Über latest Media Source Extensions improvements in WebKit with GStreamer

In this post I am going to talk about the implementation of the Media Source Extensions (known as MSE) in the WebKit ports that use GStreamer. These ports are WebKitGTK+, WebKitEFL and WebKitForWayland, though only the latter has the latest work-in-progress implementation. Of course we hope to upstream WebKitForWayland soon and with it, this backend for MSE and the one for EME.

My colleague Enrique at Igalia wrote a post about this about a week ago. I recommend you read it before continuing with mine to understand the general picture and the some of the issues that I managed to fix on that implementation. Come on, go and read it, I’ll wait.

One of the challenges here is something a bit unnatural in the GStreamer world. We have to process the stream information and then make some metadata available to the JavaScript app before playing instead of just pushing everything to a playing pipeline and being happy. For this we created the AppendPipeline, which processes the data and extracts that information and keeps it under control for the playback later.

The idea of the our AppendPipeline is to put a data stream into it and get it processed at the other side. It has an appsrc, a demuxer (qtdemux currently) and an appsink to pick up the processed data.
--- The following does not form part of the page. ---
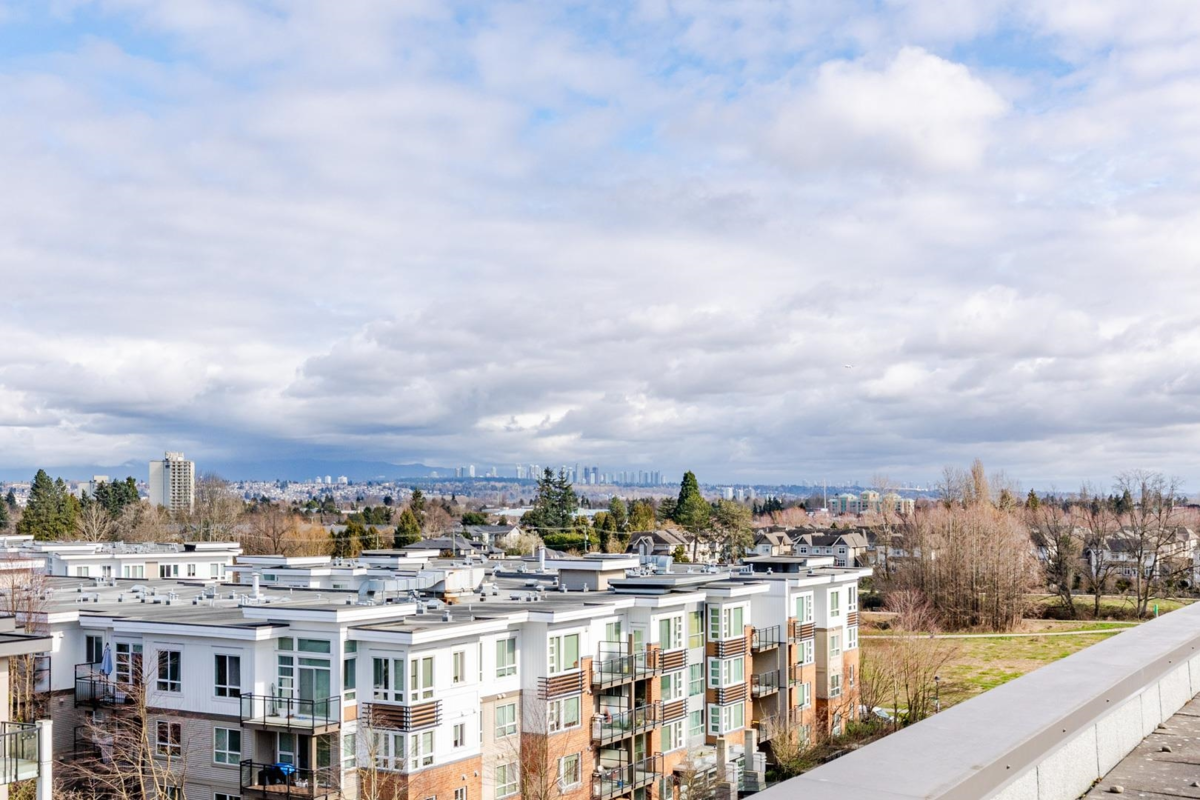 Hallway Photo of 615 9366 Tomicki Avenue, Richmond, BC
Something tricky of the spec is that when you append data into the SourceBuffer, that operation has to block it and prevent with errors any other append operation while the current is ongoing, and when it finishes, signal it. Our main issue with this is that the the appends can contain any amount of data from headers and buffers to only headers or just partial headers. Basically, the information can be partial.

First I’ll present again Enrique’s AppendPipeline internal state diagram:

First let me explain the easiest case, which is headers and buffers being appended. As soon as the process is triggered, we move from Not started to Ongoing, then as the headers are processed we get the pads at the demuxer and begin to receive buffers, which makes us move to Sampling. Then we have to detect that the operation has ended and move to Last sample and then again to Not started. If we have received only headers we will not move to Sampling cause we will not receive any buffers but we still have to detect this situation and be able to move to Data starve and then again to Not started.

Our first approach was using two different timeouts, one to detect that we should move from Ongoing to Data starve if we did not receive any buffer and another to move from Sampling to Last sample if we stopped receiving buffers. This solution worked but it was a bit racy and we tried to find a less error prone solution.

We tried then to use custom downstream events injected from the source and at the moment they were received at the sink we could move from Sampling to Last sample or if only headers were injected, the pads were created and we could move from Ongoing to Data starve. It took some time and several iterations to fine tune this but we managed to solve almost all cases but one, which was receiving only partial headers and no buffers.

If the demuxer received partial headers and no buffers it stalled and we were not receiving any pads or any event at the output so we could not tell when the append operation had ended. Tim-Philipp gave me the idea of using the need-data signal on the source that would be fired when the demuxer ran out of useful data. I realized then that the events were not needed anymore and that we could handle all with that signal.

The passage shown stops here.